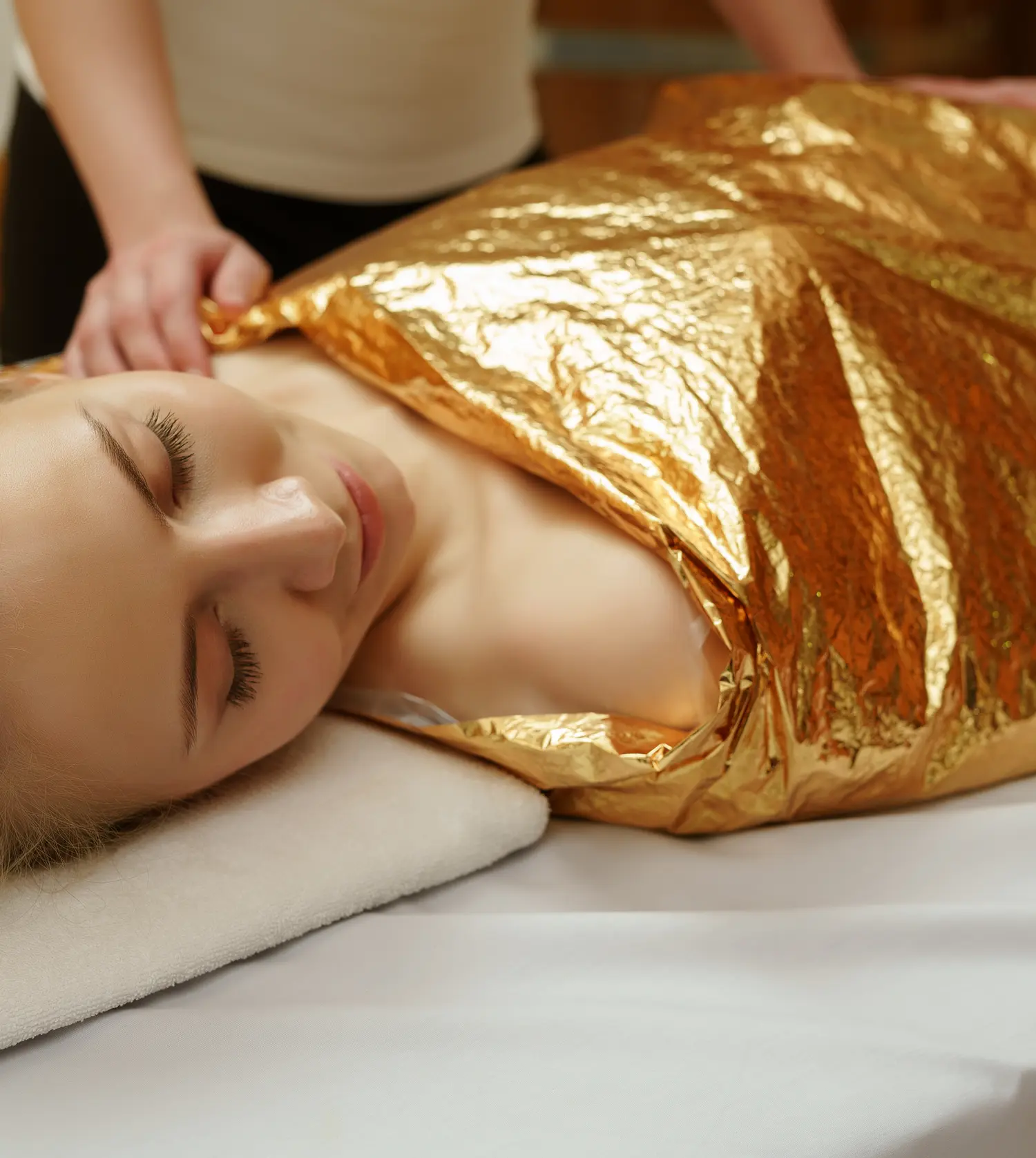 Woman lying on a treatment bed with a body wrap covering her body during her Body Wrap treatment at Pause Spa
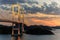 Lights from Kurushima Bridge mix with sunset glow over islands in Seto Inland Sea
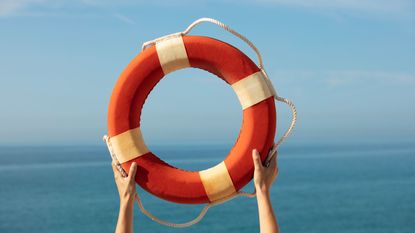 A life preserver is held up against the ocean horizon.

####################

WORK ITEM: Transcribe exactly the lines from the one holding "Lights from Kurushima" through the final line of the material above, both ends included; any pictures should be dropped.

TASK OUTPUT:
 Lights from Kurushima Bridge mix with sunset glow over islands in Seto Inland Sea
 A life preserver is held up against the ocean horizon.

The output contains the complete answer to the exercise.